Giuliani (Azimut): "Possibile un rimbalzo del 5-10% grazie agli investitori istituzionali". Greco (Jp Morgan): "La Bce taglierà i tassi". Dopo la crisi dei mutui subprime Usa e l’intervento delle banche centrali, le Piazze internazionali tornano sui livelli fatti segnare tra dicembre e gennaio

Borse, gli esperti credono nel rally di fine anno
Milano - Il sovrapporsi della crisi dei mutui subprime e della cura impartita la scorsa estate dalle banche centrali per arginarla ha rischiato di ledere gli equilibri del sistema finanziario, ma le Borse internazionali dovrebbero riprendere la rincorsa da qui a fine anno. «Non mi stupirei se entro dicembre assistessimo a un rally compreso tra il 5 e il 10%», sintetizza l’amministratore delegato di Azimut, Pietro Giuliani.

Se questo scenario si verificasse i mercati metterebbero a segno l’ennesimo anno consecutivo di crescita, con l’effetto di aprire nuove incognite sulla futura tenuta delle quotazioni. Sbarrata la via dell’investimento immobiliare e vista l’incertezza che contraddistingue la politica monetaria della Bce, ad avere bisogno di un rimbalzo appaiono tuttavia gli stessi investitori istituzionali. Fondi di investimento, fondi pensione, assicurazioni e banche attualmente alle prese con mercati che, in un’altalena di euforia e ritirate improvvise, sono tornati ai livelli segnati tra dicembre 2006 e lo scorso gennaio.

Con il risultato di «schiacciare» le prospettive di rendimento per il popolo dei sottoscrittori.
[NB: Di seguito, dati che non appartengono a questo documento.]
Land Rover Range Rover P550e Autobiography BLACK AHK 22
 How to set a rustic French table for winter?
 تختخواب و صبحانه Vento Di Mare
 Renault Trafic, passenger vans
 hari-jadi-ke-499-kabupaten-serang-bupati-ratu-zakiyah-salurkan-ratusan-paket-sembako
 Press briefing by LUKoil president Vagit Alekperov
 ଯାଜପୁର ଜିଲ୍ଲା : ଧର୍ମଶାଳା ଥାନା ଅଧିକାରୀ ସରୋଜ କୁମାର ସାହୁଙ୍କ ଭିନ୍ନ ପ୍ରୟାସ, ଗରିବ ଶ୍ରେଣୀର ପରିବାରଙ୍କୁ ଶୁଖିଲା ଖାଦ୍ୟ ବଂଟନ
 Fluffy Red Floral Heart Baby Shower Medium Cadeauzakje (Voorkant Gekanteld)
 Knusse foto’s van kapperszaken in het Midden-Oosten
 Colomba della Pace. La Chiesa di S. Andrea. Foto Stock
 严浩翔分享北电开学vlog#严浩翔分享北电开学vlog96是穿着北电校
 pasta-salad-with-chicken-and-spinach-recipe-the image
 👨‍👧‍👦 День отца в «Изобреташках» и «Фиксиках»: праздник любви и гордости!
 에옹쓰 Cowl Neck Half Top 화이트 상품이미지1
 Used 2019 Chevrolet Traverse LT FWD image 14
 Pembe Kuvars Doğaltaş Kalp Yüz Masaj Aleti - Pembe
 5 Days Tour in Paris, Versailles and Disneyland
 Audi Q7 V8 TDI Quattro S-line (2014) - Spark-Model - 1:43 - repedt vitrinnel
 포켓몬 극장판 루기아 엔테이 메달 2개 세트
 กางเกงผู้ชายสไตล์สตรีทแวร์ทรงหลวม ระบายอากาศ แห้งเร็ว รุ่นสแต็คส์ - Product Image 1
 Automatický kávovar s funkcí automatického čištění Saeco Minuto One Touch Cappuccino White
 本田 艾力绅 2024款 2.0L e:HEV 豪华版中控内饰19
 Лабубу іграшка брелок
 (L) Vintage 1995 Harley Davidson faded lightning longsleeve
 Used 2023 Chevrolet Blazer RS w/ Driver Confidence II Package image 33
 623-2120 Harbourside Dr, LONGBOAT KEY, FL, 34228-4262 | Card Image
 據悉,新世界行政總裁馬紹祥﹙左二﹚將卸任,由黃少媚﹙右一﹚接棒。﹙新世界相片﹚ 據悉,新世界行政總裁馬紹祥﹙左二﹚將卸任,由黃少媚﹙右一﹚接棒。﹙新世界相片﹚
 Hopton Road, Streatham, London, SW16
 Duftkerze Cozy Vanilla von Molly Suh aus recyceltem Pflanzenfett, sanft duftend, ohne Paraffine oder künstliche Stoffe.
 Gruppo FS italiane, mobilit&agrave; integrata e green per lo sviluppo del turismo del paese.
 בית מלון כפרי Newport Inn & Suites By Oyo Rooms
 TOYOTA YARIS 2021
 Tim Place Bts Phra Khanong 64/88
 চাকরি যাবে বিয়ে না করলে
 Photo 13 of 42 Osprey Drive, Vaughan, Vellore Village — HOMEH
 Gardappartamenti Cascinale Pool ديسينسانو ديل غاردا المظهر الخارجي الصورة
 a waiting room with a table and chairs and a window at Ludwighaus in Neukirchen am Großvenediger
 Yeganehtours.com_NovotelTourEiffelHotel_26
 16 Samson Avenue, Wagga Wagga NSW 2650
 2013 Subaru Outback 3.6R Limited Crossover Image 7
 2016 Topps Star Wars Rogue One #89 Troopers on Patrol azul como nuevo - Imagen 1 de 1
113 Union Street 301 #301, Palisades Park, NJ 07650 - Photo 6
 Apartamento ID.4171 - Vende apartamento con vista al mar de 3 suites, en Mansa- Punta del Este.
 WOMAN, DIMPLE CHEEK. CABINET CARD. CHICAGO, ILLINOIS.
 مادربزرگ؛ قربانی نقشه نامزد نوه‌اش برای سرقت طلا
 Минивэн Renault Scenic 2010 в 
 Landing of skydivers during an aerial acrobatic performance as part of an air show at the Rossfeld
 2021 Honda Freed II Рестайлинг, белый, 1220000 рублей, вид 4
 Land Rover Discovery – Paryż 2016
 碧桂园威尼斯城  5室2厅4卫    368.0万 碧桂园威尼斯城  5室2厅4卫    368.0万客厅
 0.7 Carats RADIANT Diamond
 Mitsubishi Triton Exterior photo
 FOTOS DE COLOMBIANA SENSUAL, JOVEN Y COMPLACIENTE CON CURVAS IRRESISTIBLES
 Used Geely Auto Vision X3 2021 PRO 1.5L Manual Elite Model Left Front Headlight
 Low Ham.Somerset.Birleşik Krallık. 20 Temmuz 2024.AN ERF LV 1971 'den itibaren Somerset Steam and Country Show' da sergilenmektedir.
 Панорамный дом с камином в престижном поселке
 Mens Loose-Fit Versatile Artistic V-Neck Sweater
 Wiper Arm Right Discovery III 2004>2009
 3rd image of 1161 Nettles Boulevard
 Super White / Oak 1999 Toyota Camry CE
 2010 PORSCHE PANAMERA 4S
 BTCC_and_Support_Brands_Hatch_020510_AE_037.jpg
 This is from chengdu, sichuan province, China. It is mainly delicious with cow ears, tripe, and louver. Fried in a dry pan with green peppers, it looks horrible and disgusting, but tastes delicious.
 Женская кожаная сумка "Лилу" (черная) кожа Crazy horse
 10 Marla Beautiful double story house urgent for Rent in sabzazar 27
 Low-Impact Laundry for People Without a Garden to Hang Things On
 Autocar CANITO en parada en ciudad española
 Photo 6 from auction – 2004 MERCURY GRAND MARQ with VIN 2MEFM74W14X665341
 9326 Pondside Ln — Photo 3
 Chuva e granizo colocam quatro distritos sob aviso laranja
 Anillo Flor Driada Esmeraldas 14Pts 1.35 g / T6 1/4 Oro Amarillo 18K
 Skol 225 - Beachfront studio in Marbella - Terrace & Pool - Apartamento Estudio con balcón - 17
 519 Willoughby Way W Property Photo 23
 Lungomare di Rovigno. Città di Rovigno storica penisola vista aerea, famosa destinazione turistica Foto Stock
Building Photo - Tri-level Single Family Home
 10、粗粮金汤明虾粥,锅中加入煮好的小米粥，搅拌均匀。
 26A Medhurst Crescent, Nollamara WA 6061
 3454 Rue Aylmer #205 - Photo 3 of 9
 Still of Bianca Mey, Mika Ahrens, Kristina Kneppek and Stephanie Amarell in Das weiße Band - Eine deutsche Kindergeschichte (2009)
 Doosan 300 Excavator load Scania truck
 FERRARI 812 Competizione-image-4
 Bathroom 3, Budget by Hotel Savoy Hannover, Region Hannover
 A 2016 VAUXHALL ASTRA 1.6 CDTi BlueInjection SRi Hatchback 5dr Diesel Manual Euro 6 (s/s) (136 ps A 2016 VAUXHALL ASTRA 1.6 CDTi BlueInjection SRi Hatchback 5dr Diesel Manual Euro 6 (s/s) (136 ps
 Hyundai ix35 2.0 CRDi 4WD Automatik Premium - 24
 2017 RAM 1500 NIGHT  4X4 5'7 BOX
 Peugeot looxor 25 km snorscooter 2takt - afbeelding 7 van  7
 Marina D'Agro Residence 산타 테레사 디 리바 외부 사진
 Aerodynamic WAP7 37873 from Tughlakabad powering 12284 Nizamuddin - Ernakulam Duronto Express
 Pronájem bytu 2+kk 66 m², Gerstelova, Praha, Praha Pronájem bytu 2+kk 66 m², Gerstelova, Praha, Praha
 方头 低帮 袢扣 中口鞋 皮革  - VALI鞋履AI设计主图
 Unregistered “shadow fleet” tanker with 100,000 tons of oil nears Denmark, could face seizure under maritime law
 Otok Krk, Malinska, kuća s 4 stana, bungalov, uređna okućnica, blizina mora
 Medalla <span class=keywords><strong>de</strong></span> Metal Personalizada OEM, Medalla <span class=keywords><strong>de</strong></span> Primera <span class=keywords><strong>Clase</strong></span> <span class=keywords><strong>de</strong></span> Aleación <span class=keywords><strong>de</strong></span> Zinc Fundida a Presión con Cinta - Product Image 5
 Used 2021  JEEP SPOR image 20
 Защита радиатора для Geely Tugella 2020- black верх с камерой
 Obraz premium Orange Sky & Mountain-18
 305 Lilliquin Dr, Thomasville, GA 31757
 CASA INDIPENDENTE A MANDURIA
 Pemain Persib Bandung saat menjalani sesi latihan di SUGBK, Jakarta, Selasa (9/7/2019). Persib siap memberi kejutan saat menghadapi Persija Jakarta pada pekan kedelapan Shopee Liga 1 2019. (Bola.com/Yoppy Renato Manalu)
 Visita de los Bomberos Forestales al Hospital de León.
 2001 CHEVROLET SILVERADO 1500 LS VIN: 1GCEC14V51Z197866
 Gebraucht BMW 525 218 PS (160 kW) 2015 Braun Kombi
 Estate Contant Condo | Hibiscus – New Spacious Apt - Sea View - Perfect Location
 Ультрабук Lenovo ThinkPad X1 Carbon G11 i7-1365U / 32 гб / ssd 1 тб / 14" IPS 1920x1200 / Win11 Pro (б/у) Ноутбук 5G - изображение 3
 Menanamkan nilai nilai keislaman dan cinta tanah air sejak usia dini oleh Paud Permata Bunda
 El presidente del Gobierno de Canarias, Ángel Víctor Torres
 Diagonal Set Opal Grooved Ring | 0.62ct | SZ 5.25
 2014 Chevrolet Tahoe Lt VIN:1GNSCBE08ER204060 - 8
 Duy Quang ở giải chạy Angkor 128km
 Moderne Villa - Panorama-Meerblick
Più cauto, tuttavia, l’analisi del numero uno italiano di Jp Morgan Asset Management, Massimo Greco, che ricorda la difficoltà di calcolare con esattezza «le ricadute della crisi dei subprime sull’economia reale, anche se la mossa della Fed dovrebbe aver evitato il rischio di un rallentamento congiunturale».

Molto dipenderà ora dalle scelte della Bce, che però difficilmente potrà evitare una sforbiciata al costo del denaro soprattutto se l’euro continuerà ad apprezzarsi rispetto al dollaro fino a raggiungere quota 1,45.

Una soglia che avrebbe come conseguenza «forti impatti restrittivi sull’economia» del Vecchio Continente, avverte Greco che guarda invece con meno apprensione alla pur inarrestabile fiammata del petrolio oltre gli 80 dollari al barile: in tale prezzo «è già conteggiato buona parte del rischio geopolitico legato all’Iran».

Le alternative all’azionario del resto non sono molte: «Siamo davanti a una bolla immobiliare, al posto di farla scoppiare il sistema ha deciso di scaricarla sulla finanza per diluirne l’impatto», sintetizza Giuliani. In ogni caso, «non sono ravvisabili grandi problemi macro-economici»; ecco perché, una volta analizzati anche i fondamentali, «non è da considerare drogata un’eventuale rincorsa delle quotazioni». Incerto, invece, affidarsi alle obbligazioni sulle quali pende il rischio di un ritorno dell’inflazione, prosegue Greco che considera l’attuale rimbalzo dei titoli corporate più come un’occasione di alleggerire posizioni esistenti che per investire. Il motore dello sviluppo rimarrà la Cina, da qui l’attenzione di Greco per i Paesi ad alto tasso di crescita mentre in Europa e Stati Uniti appare preferibile limitarsi a prendere posizione sui titoli a maggior capitalizzazione.